After less than a year at Chissamba, however, Clarke became ill. She had gone to Bailundu for a vacation, but soon after her arrival she was stricken by a severe fever. Those who nursed her recognized it as the same kind that had already carried off two missionaries. After a few days, however, she began to regain her strength. At the end of August Clarke reported to her parents, “I am so glad to be spared to work a little longer here. That was a dreadful fever, and I came very near to going to my Savior before I had done any work for him. You may thank the Bailundu friends, for their prompt measures saved my life there is not the slightest doubt.”[4]

Reluctantly Clarke remained at Bailundu as she recovered from the resulting weakness, but she was impatient to return to her own students at Chissamba. Finally, in the middle of October her insistence overcame the prudence of the other missionaries, and she was permitted to return to Chissamba and to her school although she had not completely regained her health.

The missionaries’ concern was well founded. One Wednesday night in the following March she became ill with the same fever she had suffered in Bailundu. The missionary couple at Chissamba attended her all Thursday and Friday, day and night, but she continued to weaken, repeating hymns while she was able, to take her mind off her suffering. Early on Saturday morning, March 18, 1893, she died peacefully. She was buried in the garden of that missionary couple, beside the graves of their two children who had also died at Chissamba.

When the news reached Canada two months later, memorial services were held in the Congregational church in Guelph.

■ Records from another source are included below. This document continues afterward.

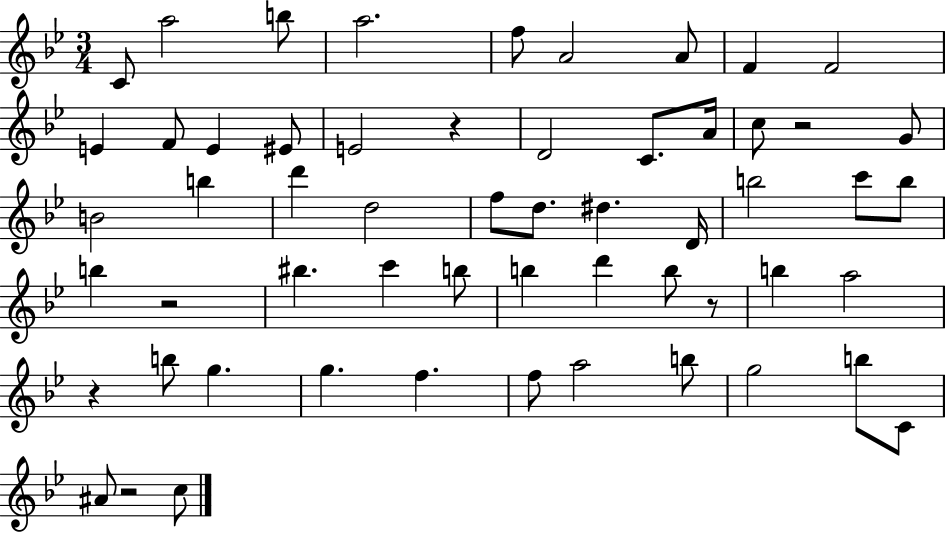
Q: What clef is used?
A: treble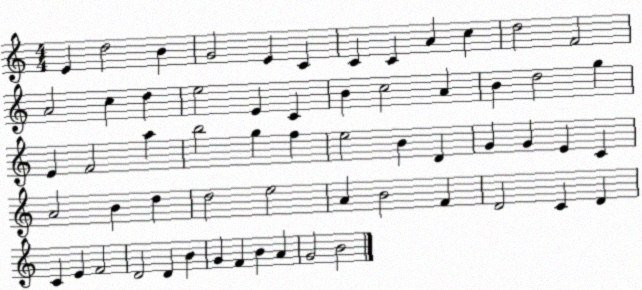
X:1
T:Untitled
M:4/4
L:1/4
K:C
E d2 B G2 E C C C A c d2 F2 A2 c d e2 E C B c2 A B d2 g E F2 a b2 g f e2 B D G G E C A2 B d d2 e2 A B2 F D2 C D C E F2 D2 D B G F B A G2 B2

At the evening service, William F. Clarke spoke a few words. “He still questioned whether his daughter had been correct in interpreting her call as a call to Africa, but he had no doubt of her loyalty in responding to Christ’s call.”[5]

Marilyn Färdig Whiteley


Notes

  1. Letter from Minnie Clarke to E. M. HILL, Feb. 7, 1890, Canada Congregational Woman’s Board of Missions Fonds 206, 80.012C 2- 6 and 80.0143C /TR, United Church of Canada Archives, Toronto, Ontario.

  2. Letter from Minnie Clarke to Mrs. Wood, Mar. 10, 1890.

  3. Guelph Daily Mercury, June 13, 1890.

  4. Canadian Independent, Mar. 1893, 59.

  5. Guelph Daily Mercury, May 29, 1893.

Bibliography

Canada Congregational Woman’s Board of Missions Funds 206, 80.012C 2- 6 and 80.0143C /TR, United Church of Canada Archives, Toronto, Ontario.

Canadian Independent, 1890-1893.

Guelph Daily Mercury, 1890-1893.

Missionary Herald, July, 1893, 272.

Whiteley, Marilyn Färdig, “The Cheerful Obedience of Minnehaha Clarke, Touchstone, Vol. 21, No. 3, Sept. 2003, 49-58.